Tuesday, April 7, 2009

Hard work doesn't pay after all

Well, maybe it's bitter grapes, but I am a little angry about the decision by my management team at Target to offer the job to someone else. Although I knew in my heart of hearts that they had already decided (and perhaps even promised) the job to the other candidate long before they even posted the job, I had a glimmer of hope that they would give it to me. But, alas, no. They told me that my strengths are in supervising and managing a team, and while this new position will indeed have people reporting to it, they are looking for someone with a more analytical background (never mind that I used to be an analyst in one of my previous positions). I hope they will be happy with this person, especially considering that less than a year ago she was "bragging" to everyone who would listen that she was 'too good' for this department and she was going to get a new job downtown as soon as she could. Oh well. Am I bitter? Yes, I guess I am. I think I have the right to pout it out for awhile anyway!

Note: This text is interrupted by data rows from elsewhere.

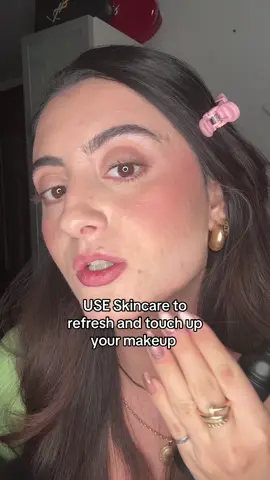 Dry, cakey, AND oily makeup after a long day?? Here’s how I fix it 🥰💗 @L’Oréal Paris  @makeupforever @cocokind @nine2five #realskintexture #makeuptips #acnemakeup #howtomakeup #beautytips 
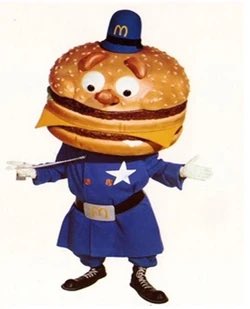 ronldmcdonldfan's tweet photo. officer big mac: racist https://t.co/l8hdyPh3gV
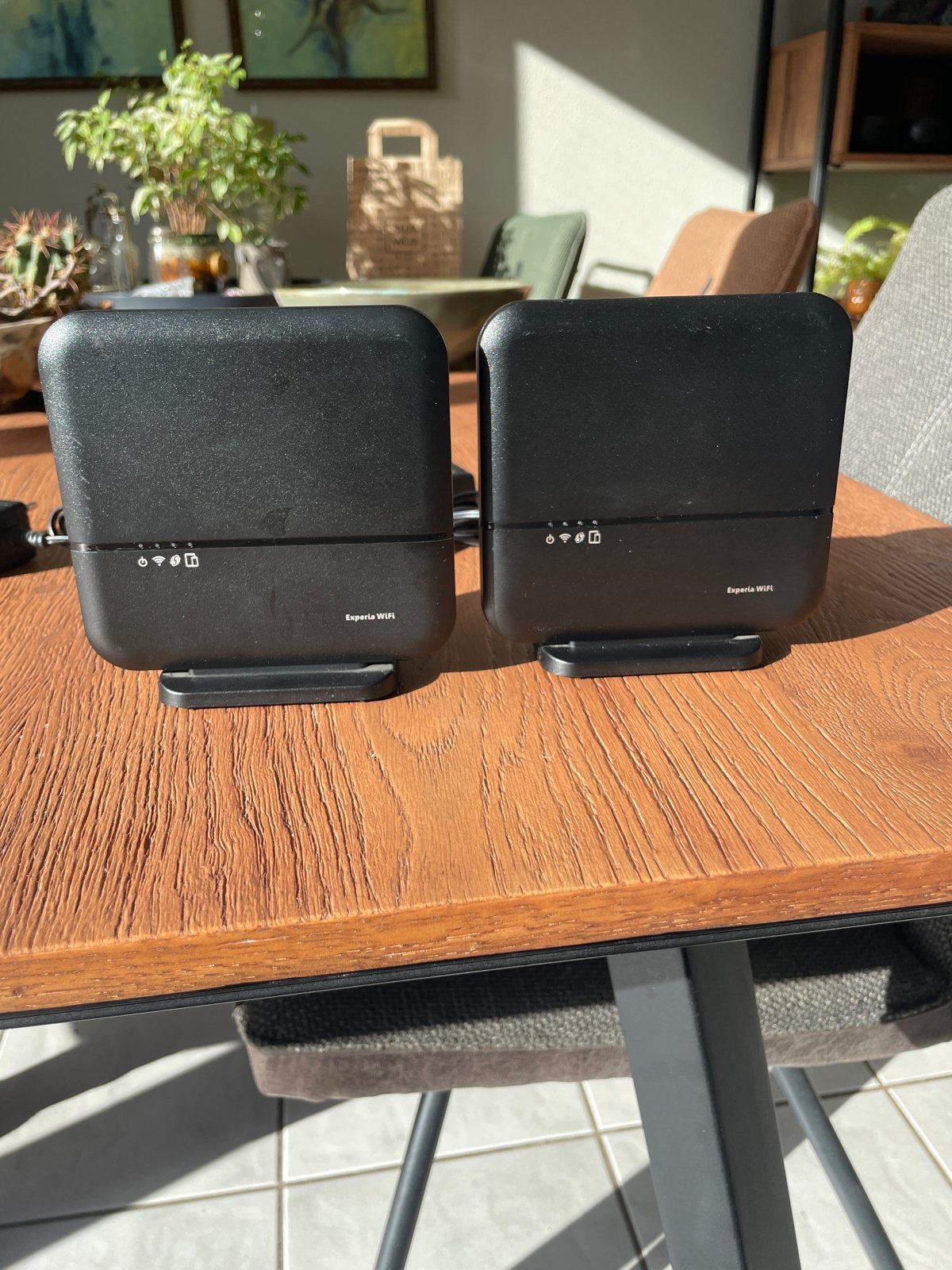 KPN Experia WiFi versterkers (set van 2), Ophalen of Verzenden, Zo goed als nieuw, Router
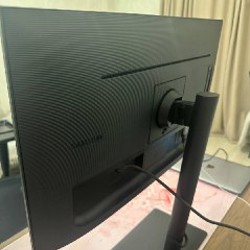 Samsung ViewFinity S8 - фото 4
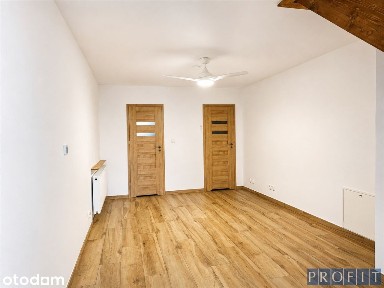 Lokal użytkowy, 54 m², Katowice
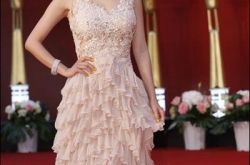 杨幂红毯照片雍容华丽 因滞留太久屡遭当地保安劝离 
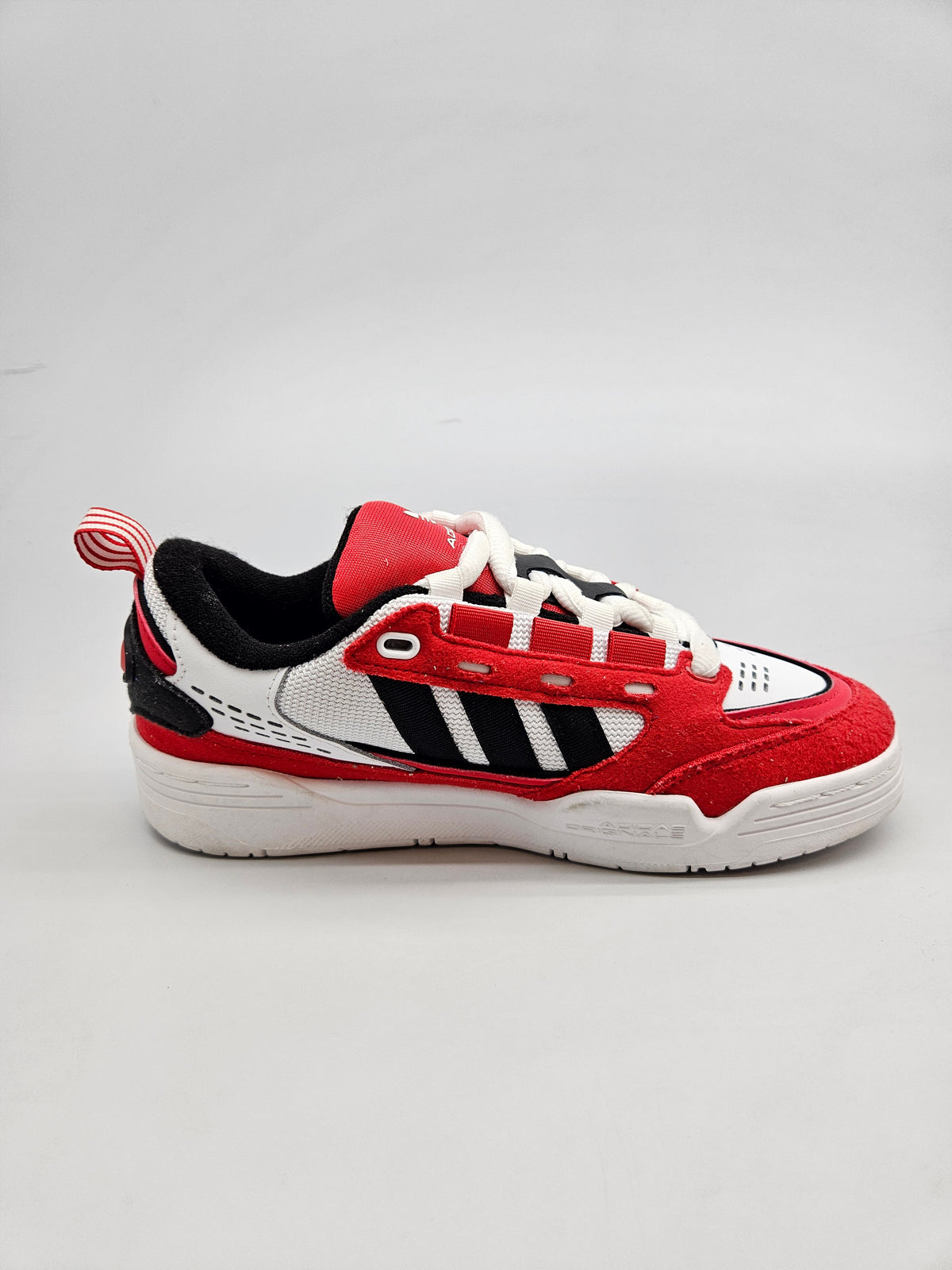 ADIDAS NOVI ORIGINAL PATIKI BR 37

I'm going with the faith that God has something else planned for me. I have to or I'll be consumed with bitterness and anger. So for now I look internally (although that won't get me anywhere unless I can suddenly produce a college degree or make Target believe that I had simply forgotten to tell them that I already had one). Then, on December 18 if I have no new job inside, I get a long, long vacation (and 44 weeks severence to go along with it). So until then, I am also putting out feelers for any company looking for a very highly thought of supervisor and manager of people. I'm applying my chapstick as I type!! :o)

Keep the prayer chain coming!! Thanks!